Dennis Union Church
God is Still Speaking

John 4.5-42                                                                                               24 February 2008

“OUTSIDERS LOOKING IN”

 

Last Sunday in John’s Gospel we heard Jesus receive Nicodemus, the ultimate religious insider.  Now, as you envision Nicodemus, picture that guy who used to teach Sunday School, serve on the Deacons, and who imagines he could name every face at the church dinner. He was raised in the church and he is always there working. Yes, he might act a little too proprietary about the church, like it is his. But if you need something, he is the one you call, and always it gets done.

This Sunday in John’s Gospel Jesus engages the Samaritan woman at the well, the typical religious outsider.  Now, as you see this woman at the well, picture her leafing through the religion and spirituality section at Borders bookstore.  As she hesitates between How to Know God by Deepak Chopra in one hand and How to See Yourself by the Dalai Lama in the other, that is her moment of worship. Her grandma used to attend church, but she extemporizes her faith as she goes. She improvises between spiritual paths almost like she is sampling ethnic cuisines. 

Significantly, John calls her as Samaritan four times. Samaritans were outcasts to Jews whose worship centered in Jerusalem. More than anything else, Jerusa-lem Jews resented their penchant for mixing and matching their faith as they went along. Theologians call this syncretism.  It typifies many seekers today who dub themselves “spiritual, but not religious”.  So the woman at the well might call herself a Jew. She knew who Moses was.  But it was a thin veneer for whatever religious convenience might happen along at the moment. Tomorrow it might be crystals in Sedona or Jungian archetypes or being wooed by a celebrity’s wide-eyed interest in the Kaballah.  As an outsider, she was to a regular Jew like a dis-tant spiritual cousin whose blood kinship the well-thought-of family would deny.
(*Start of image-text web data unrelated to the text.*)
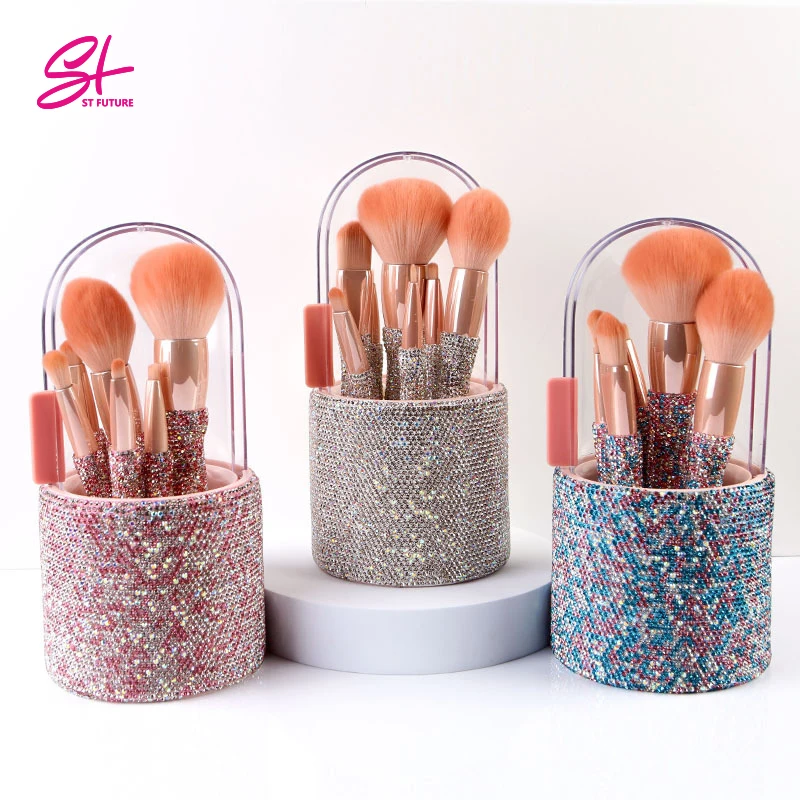 Rose Gold Diamond Fashionable Crystal Rhinestone Handle Highlighter Bling Professional Cruelty Makeup Brushes Set With Case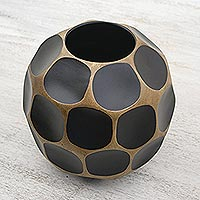 Mango wood vase Black Soccer Ball Thailand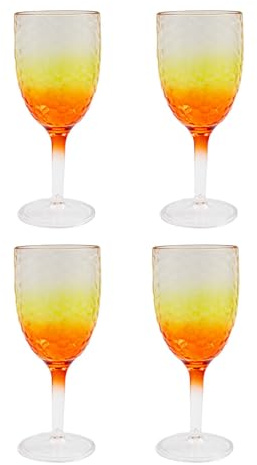 Carousel Home Pack of 4 Orange Ombre Plastic Wine Glass | Set of 4 Plastic Wine Glass Goblet Garden Picnic Glass Wine | Reusable Drinkware Outdoor Wine Glass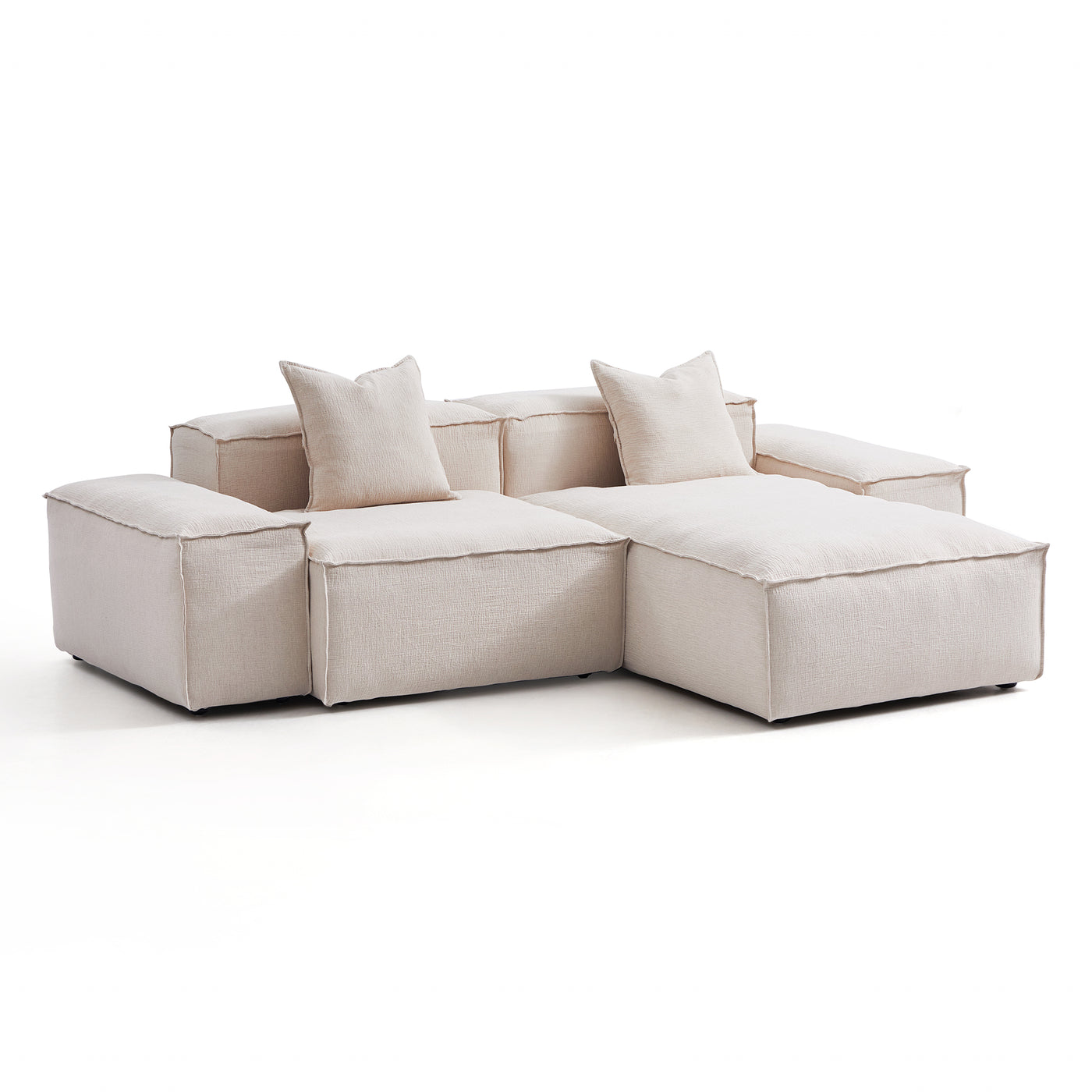 Freedom Modular White Sectional Sofa-Khaki-Low-106.3″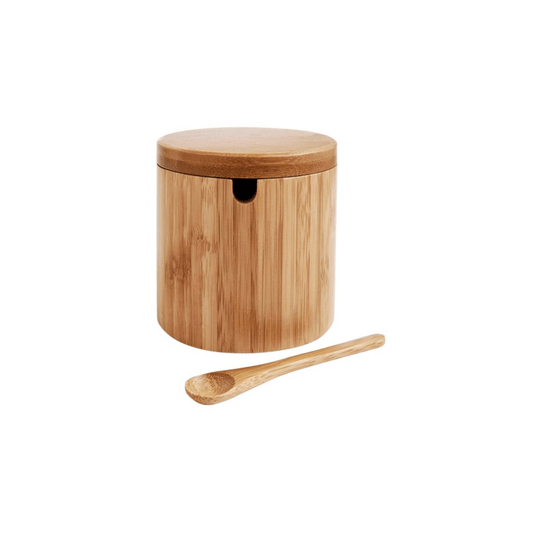 Harold Import Salt Box With Lid and Spoon - 7 oz 781723971340 Spices CDA Gourmet Bamboo Gadgets and Utensils 1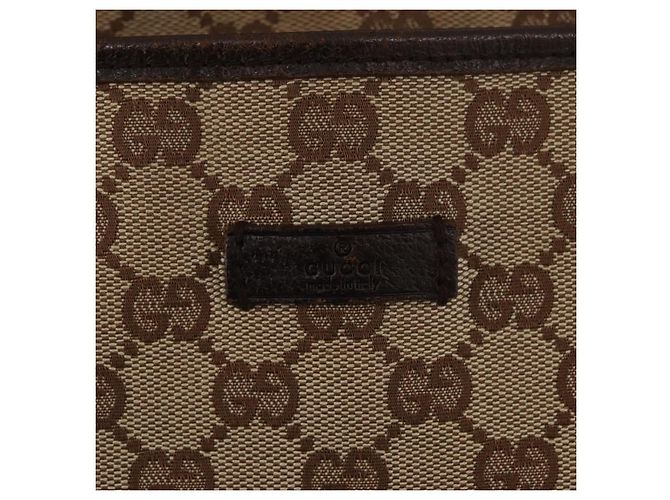 Borsa a Spalla GG Canvas Gucci Beige Argento 122791 Auth ka4032 - vista 18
We sense the centuries-old, socially insulated and spiritually deep gap between her and Jesus. John emphasized this distance in v. 9: “Jews do not share things in common with Samaritans.” Her questionable marital status only compounds that distance. Then again, you know Jesus. He was ever criticized by the so-called respectable of his day for company he kept.  And when they hammered him for the circles in which he moved, Jesus replied that he came “to seek and save the lost.” Jesus has a thing for the wandering, the drifting, and the rootless. 
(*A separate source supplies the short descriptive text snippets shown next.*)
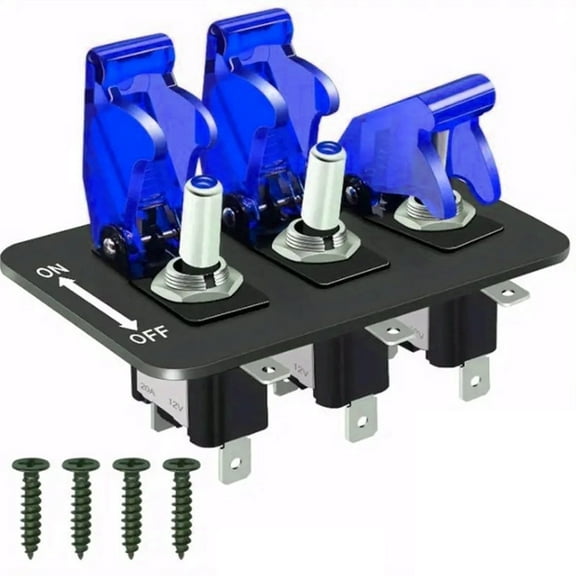 Beisidaer Metal Red Led Rocker Ignition Switch Panel Circuit Breaker 12V Car Marine Boat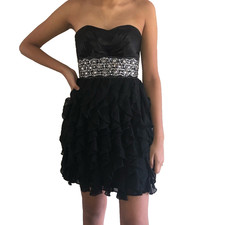 Y2K Black Strapless Formal Dress XS Layerded Ruffles Sweetheart Satin Beads Gems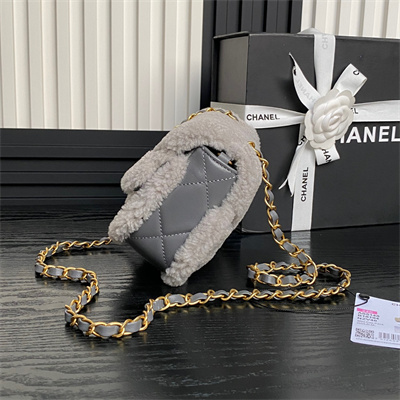 Ch*el mini flap bag shearling lambskin & gold-tone metal grey as5148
It is one of the most lively, interesting conversations in the Gospels.  Jesus asks her for a drink of water from a historic well, going back centuries to the patriarch Jacob. She is so startled that he would even speak to her that his presence piques her curiosity. And his basic request for water spirals into a far-flung and personal exchange, full of veiled meanings and lofty promise.  No, She wasn’t prepared for a theological discussion as she went about her chores.  She wasn’t looking for a savior when she made her daily noontime trip for a bucket of water.
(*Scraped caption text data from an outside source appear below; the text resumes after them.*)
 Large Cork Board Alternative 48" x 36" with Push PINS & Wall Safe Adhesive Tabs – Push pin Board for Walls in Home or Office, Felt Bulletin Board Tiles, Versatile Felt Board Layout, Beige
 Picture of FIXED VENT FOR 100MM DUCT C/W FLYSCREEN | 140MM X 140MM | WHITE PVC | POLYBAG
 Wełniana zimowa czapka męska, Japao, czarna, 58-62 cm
But Jesus took the initiative to close this large, looming chasm separating them. As he made himself vulnerable to her with his thirst, he helped her access what she was most thirsty for.  And what pure and living water promised to sustain her. By the story’s end, her joy is so overflowing at having met and discovered the one she had longed for all of her life, the one all of humankind had awaited since Eden fell, she was inviting the living trust of many others in Jesus as the Christ.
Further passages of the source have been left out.